SaaS marketers are usually better off with a metric more appropriate to the unique SaaS business model: marketing spend as a percentage of the lifetime value of the customer.

That measure better accounts for the fact that revenues extend over the life of the subscription, and they aren't recognized in a large up-front license fee. (I've written extensively on this topic and the impact on marketing. See, for example, "Three deadly SaaS marketing mistakes.")

But what if you choose to stick with the old standard marketing as a percentage of annual revenue? What are the consequences of using the wrong metrics and benchmarks?
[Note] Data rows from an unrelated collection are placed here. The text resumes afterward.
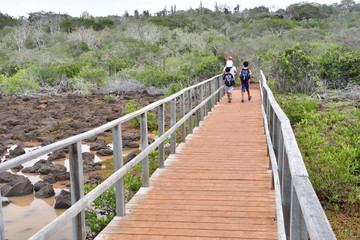 LAS GRIETAS, GALÁPAGOS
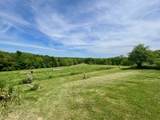 14026 Eagle Ridge Rd - Photo 4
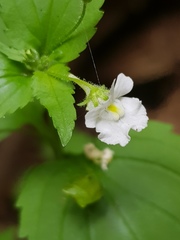 Nemesia rupicola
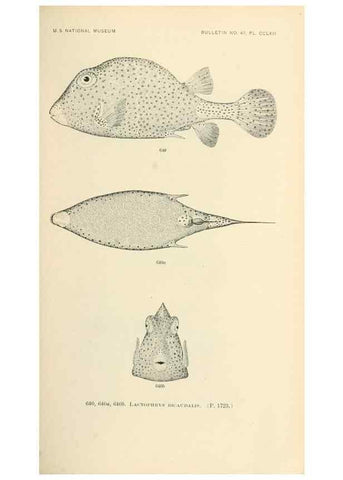 Reproducción/Reproduction 7983515826: The fishes of North and Middle America :. Washington :Smithsonian Institution, United States National Museum,1896-1900.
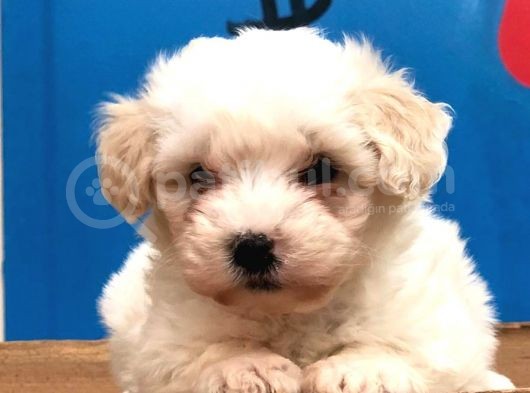 2 Aylık Erkek Malti̇poo Yavrularımız görsel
A few bad outcomes are possible:
  • Under-funding: A business fixated on measuring marketing as a percentage of annual revenue is likely to under-fund marketing and choke off the fuel for customer acquisition.
  • Over-pricing: To bump up annual revenues to better cover customer acquisition expenses, the company may over-price their solution relative to the value perceived by the customer.
  • Over-promising: A business plan that shows artificially low spending on marketing relative to annual revenues may be attractive to investors on paper, but disappointing in reality.
  • Under-funding: A plan that expects an unrealistically rapid return on marketing spend is likely to be under-funded and unable to sustain marketing activity over an extended period of time.
  • Inadequate attention to renewals: A SaaS company focused on annual revenues vs. lifetime revenues may be ignoring existing customers and securing renewals in favor of attracting new customers.
  • Swinging for the fences: A focus on high short-term returns may lead companies toward magic bullet, quick-fix marketing solutions and spending a burst of money on programs that will likely flop.
Bottom line: If you measure the wrong thing, you'll probably do the wrong thing.